[Simulated Omicron] Fails to start up when runing pieces individually due to `Failed to lookup mgd address:` when running locally

karencfv commented 1 year ago

~When I run the cargo run --bin omicron-dev -- run-all command, simulated omicron fails to start up with the following output:~

~coatlicue@pop-os:\~/src/omicron$ cargo run --bin omicron-dev -- run-all Finished dev [unoptimized + debuginfo] target(s) in 0.32s Running target/debug/omicron-dev run-all omicron-dev: setting up all services ... log file: /tmp/omicron-dev-omicron-dev.1091696.0.log note: configured to log to "/tmp/omicron-dev-omicron-dev.1091696.0.log" DB URL: postgresql://root@[::1]:34507/omicron?sslmode=disable DB address: [::1]:34507 log file: /tmp/omicron-dev-omicron-dev.1091696.1.log note: configured to log to "/tmp/omicron-dev-omicron-dev.1091696.1.log" thread 'main' panicked at 'called Result::unwrap() on an Err value: failed to discover dendrite port from files in /tmp/.tmpcEaWcn~

~Caused by: 0: time out while discovering dendrite port number 1: deadline has elapsed', /home/coatlicue/src/omicron/nexus/test-utils/src/lib.rs:423:72 note: run with RUST_BACKTRACE=1 environment variable to display a backtrace Aborted (core dumped)~

UPDATE: The above is fixed by @david-crespo's suggestion to run the prereqs script again, but I am still seeing the behaviour below.
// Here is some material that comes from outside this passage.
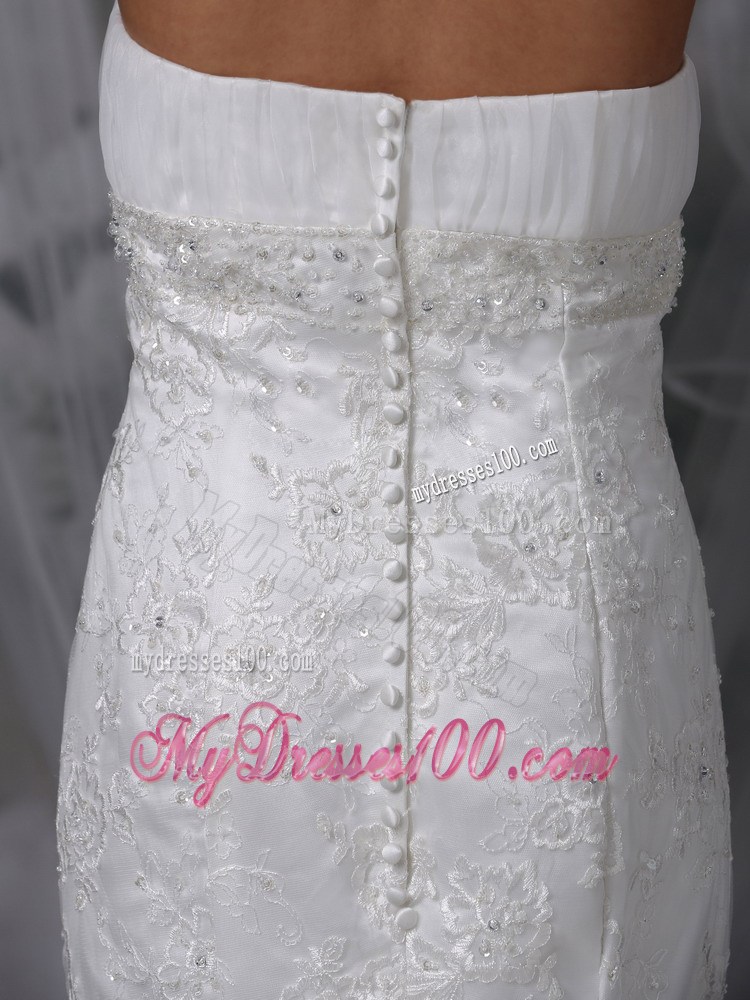 Beautiful Mermaid Strapless Court Train Lace and Chiffon Ruch We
When I try to run the pieces separately, the cargo run --bin=nexus -- nexus/examples/config.toml command returns:

Nov 03 00:15:59.680 INFO SEC running, sec_id: e6bff1ff-24fb-49dc-a54e-c6a350cd4d6c, component: SEC, component: nexus, component: ServerContext, name: e6bff1ff-24fb-49dc-a54e-c6a350cd4d6c, file: /home/coatlicue/.cargo/registry/src/index.crates.io-6f17d22bba15001f/steno-0.4.0/src/sec.rs:811
Nov 03 00:16:14.726 WARN Failed to lookup mgd address: Cannot lookup mgd addresses: request timed out, component: nexus, component: ServerContext, name: e6bff1ff-24fb-49dc-a54e-c6a350cd4d6c, file: nexus/src/app/mod.rs:307

and cargo run --bin=sled-agent-sim -- $(uuidgen) [::1]:12345 [::1]:12221 --rss-nexus-external-addr 127.0.0.1:12220 --rss-external-dns-internal-addr [::1]:5353 --rss-internal-dns-dns-addr [::1]:3535 returns:

Nov 03 00:17:44.965 WARN failed to contact nexus, will retry in 17.393268136s, error: Communication Error: error sending request for url (http://[::1]:12221/sled-agents/1f913b0a-962d-4d28-a706-9c436d3691ad): error trying to connect: tcp connect error: Connection refused (os error 111), file: sled-agent/src/sim/server.rs:123

I am unsure if the documentation needs to be updated or why this is failing locally and not in CI :woman_shrugging:

david-crespo commented 1 year ago

I can’t remember whether you’re on a Mac, but getting the right version of dendrite might fix this.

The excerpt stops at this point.